DESCRIPTION
This document describes the form of a parse tree as used between the various Zoidberg objects.
Example
# Commandline input:
$ ls -al | perl{ while (<STDIN>) { print $_ } }abc && echo done
# Would be parsed to:
[
[qw/SH ls -al/],
[ [qw/PERL abc/], q{ while (<STDIN>) { print $_ } } ],
'AND',
[qw/SH echo done/]
]
# Commandline input:
$ cd .. && ls -al ; cp dus ~/tmp/ &
# Would be parsed to:
[
[qw/CMD cd ../],
'AND',
[qw/SH ls -al/],
'EOS', # End Of Statement
[qw{SH cp dus ~/tmp/}],
'BGS' # BackGround Statement
]
# FIXME an example with redirections
Basics
A parse tree is an array consisting of blocks and tokens. A block can be any kind of code and is stored in a nested array. Blocks directly following each other are supposted to be a pipeline. A token is a delimiter between blocks.

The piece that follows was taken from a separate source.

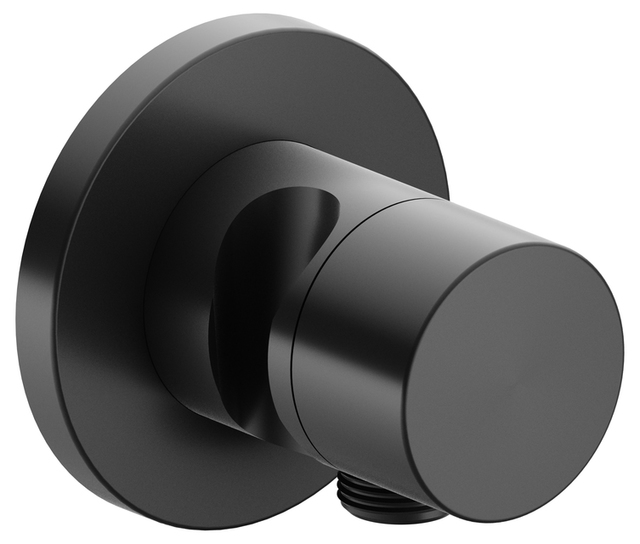 59557070201 Встраиваемый запорный вентиль с переключателем на 2 потребителя, выводом для шланга и держателем лейки DN 15 KEUCO IXMO - Вид №5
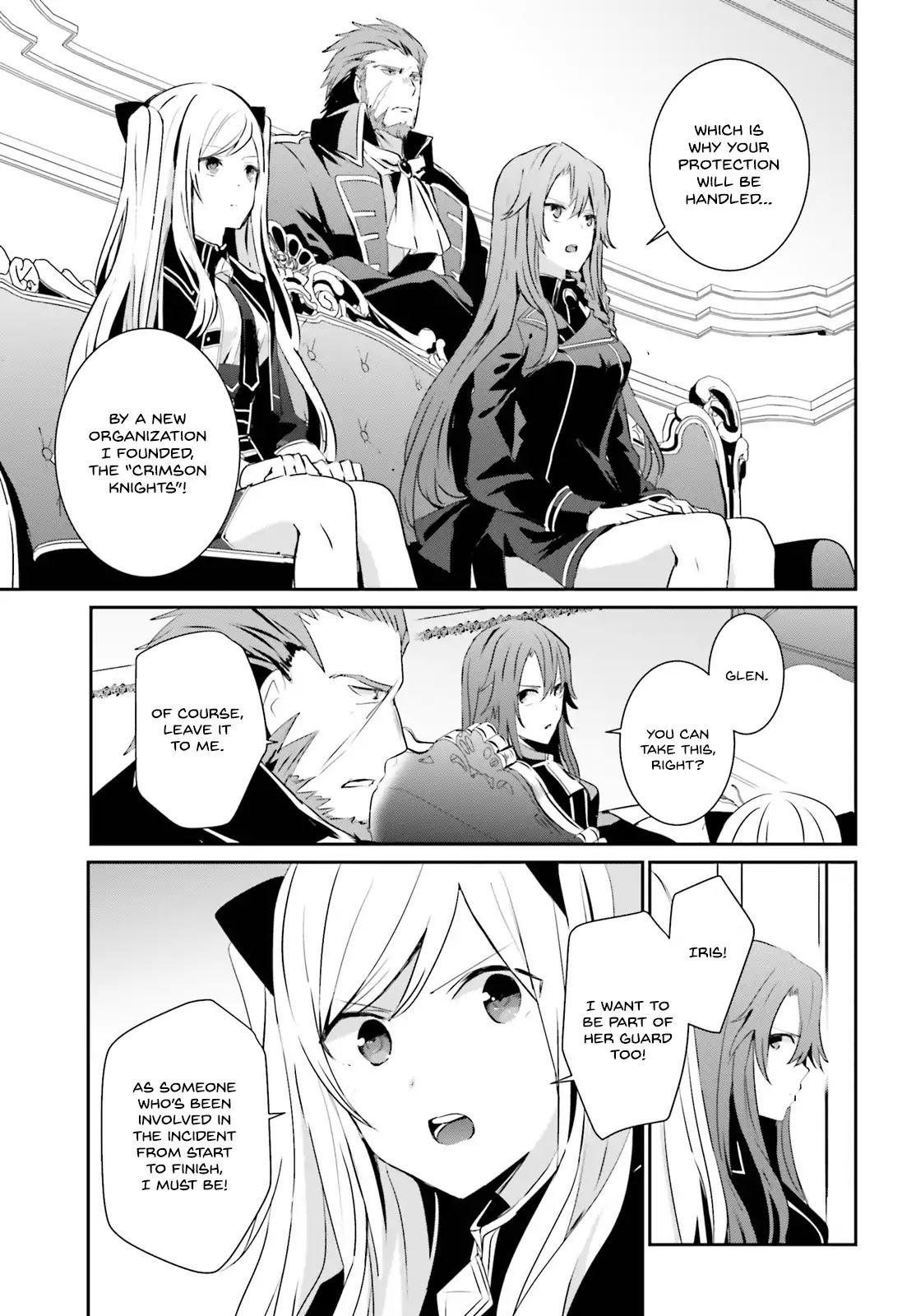 The Eminence in Shadow Chapter 7 page 6 - Chapter 7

The first field of a block contains information about the block, all other field in a block make up the content. The most important information about a block is the context, which tells the parser how to execute the block. This first field can be:
a scalar ==> it is the context name
a nested hash ==> the key 'context' contains the context name
You are free to store all kinds of specific information in this first field, but some key names are reserved.